» **Assignment**
This task calls for the lines below starting at the one containing "2018 Renault Clio" and ending at the one containing "tysabri (Natalizumab) uses", repeated exactly with both ends kept and pictures left out.

» **Supplied records**

===============

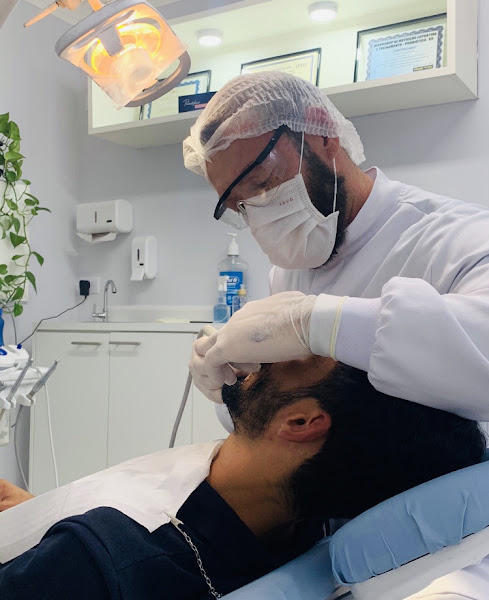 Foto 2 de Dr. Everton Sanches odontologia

===============

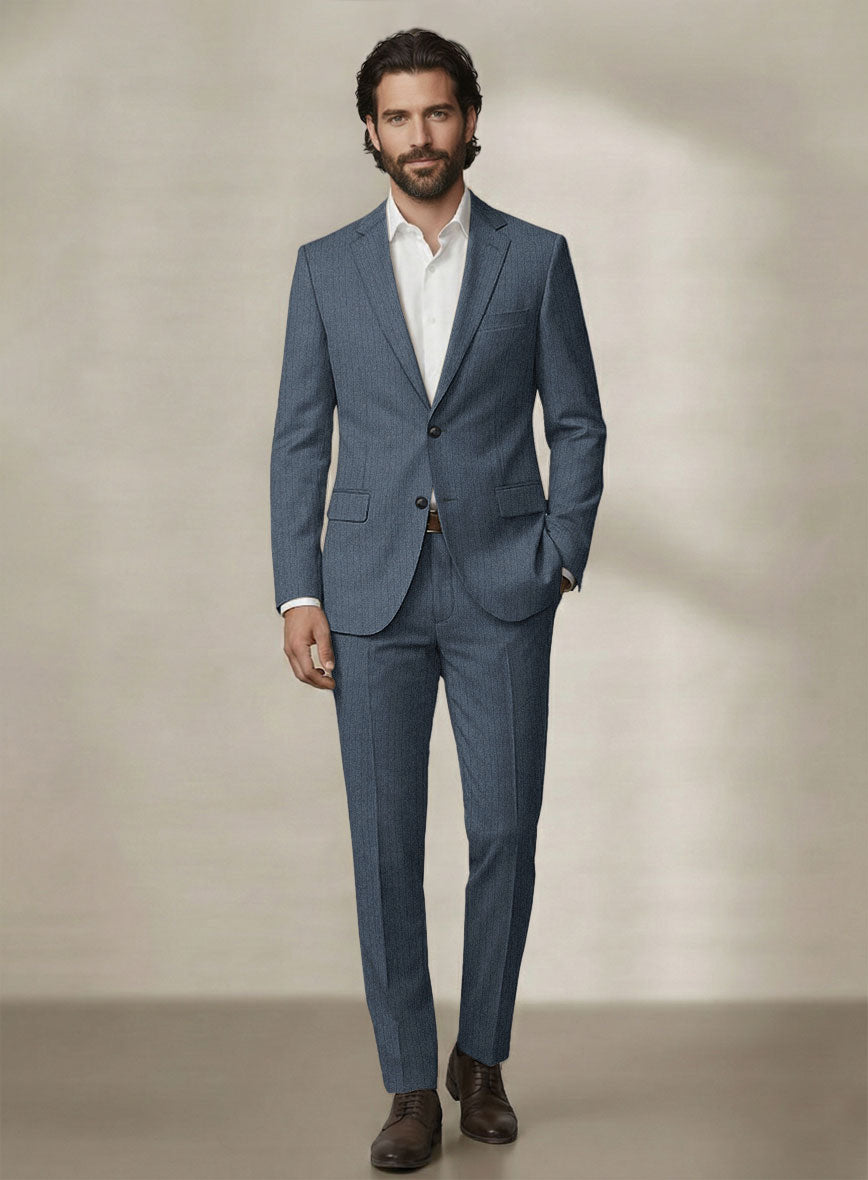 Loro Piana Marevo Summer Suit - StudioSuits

===============

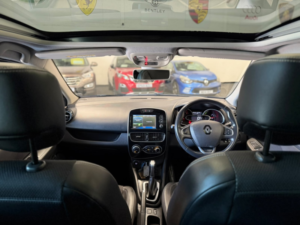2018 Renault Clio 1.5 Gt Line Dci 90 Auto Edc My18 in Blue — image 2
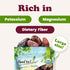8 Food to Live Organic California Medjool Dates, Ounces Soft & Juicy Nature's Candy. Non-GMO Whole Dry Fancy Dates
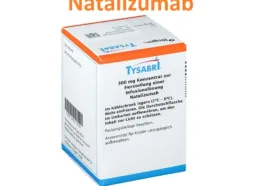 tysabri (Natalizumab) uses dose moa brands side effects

===============

» **Expected answer**
2018 Renault Clio 1.5 Gt Line Dci 90 Auto Edc My18 in Blue — image 2
8 Food to Live Organic California Medjool Dates, Ounces Soft & Juicy Nature's Candy. Non-GMO Whole Dry Fancy Dates
 tysabri (Natalizumab) uses dose moa brands side effects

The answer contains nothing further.